Within days, Professor Samarree had arranged
for himself and his family to flee the country. He is now in
Europe, where he is claiming political asylum.
The full details of Professor Samarree’s
story and a detailed account of the US-built Iraqi intelligence
apparatus are contained in the article Ghosts
of Jadiriyah, published by the BRussells
Tribunal. It should be noted that the story was offered
on the one-year anniversary of discovery of the Jadiryah facility
to a range of mainstream media publications, including New Yorker,
New Statesman, the Independent, The Big Issue, as well as to
the radical left publication Z Mag. Of them all, only the New
Statesmen and Z Mag were courteous enough even to reply to affirm
their rejection. It seemed that Professor Samarree’s remarkable
story and any further interest in Jadiriyah were simply off
the agenda.
But Jadiriyah, with its ghosts and its
horror, will not go away.
On 7 February 2007, another former inmate
from Jadiriyah, Abbas Z Abid, presented his sworn testimony
at the international peace conference in Kuala Lumpur. Like
Professor Samarree’s, his description of the torture that he
and others underwent is almost too harrowing to bear. What sets
his testimony apart and completes our understanding of the grim
world of Iraq’s secret prisons are the dates of his incarceration.
Mr Abid, an electrical engineer from Fallujah who was the Chief
Engineer in Baghdad’s Science and Technology Ministry, was arrested
in August 2005, but was not released until October 2006. That
means that Mr Abid, like Dr Samarree, was held when the American
soldiers raided the facility, but his ordeal did not end there.

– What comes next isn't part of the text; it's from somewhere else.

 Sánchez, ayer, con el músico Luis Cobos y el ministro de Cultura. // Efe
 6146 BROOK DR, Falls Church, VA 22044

In fact, not only does Mr Abid describe the ongoing tortures
that he was repeatedly subjected to after the US intervention,
as well as describing the tortures that continued to be inflicted
on fellow inmates, including the use of Black and Decker drills
and other power tools (Mr Abid names eight fellow detainees
who died from their injuries), but Mr Abid states that “American
troops have visited the prison many times and therefore cannot
deny the existence of such a prison.”
The implications of these two testimonies
as well as the absence of independent and public scrutiny are
obvious. The Occupation has done nothing at all to halt abuse
at the Interior Ministry’s network
of secret prisons or curtail in any way the culture of impunity
in which they exist. And lets be absolutely clear what we are
talking about here. This is as close as we can get to the tide
of sectarian violence sweeping Iraq, whose victims are almost
invariably arrested by Interior Ministry personnel, who are
then horribly tortured within Interior Ministry prisons and
whose bodies finally surface in abandoned lots, are dredged
from rivers, are buried in shallow graves in the desert or left
as human detritus around sewage works. (Former human rights
chief in Iraq John Pace stated that the majority of killings
were being carried out by groups under the control of the Interior
Ministry, Independent,
26 February 2006, while the Iraqi
Organisation for Follow-up and Monitoring in Iraq found
that in 92 percent of some 3,498 cases of extrajudicial killing,
the victims had been arrested by Interior Ministry forces).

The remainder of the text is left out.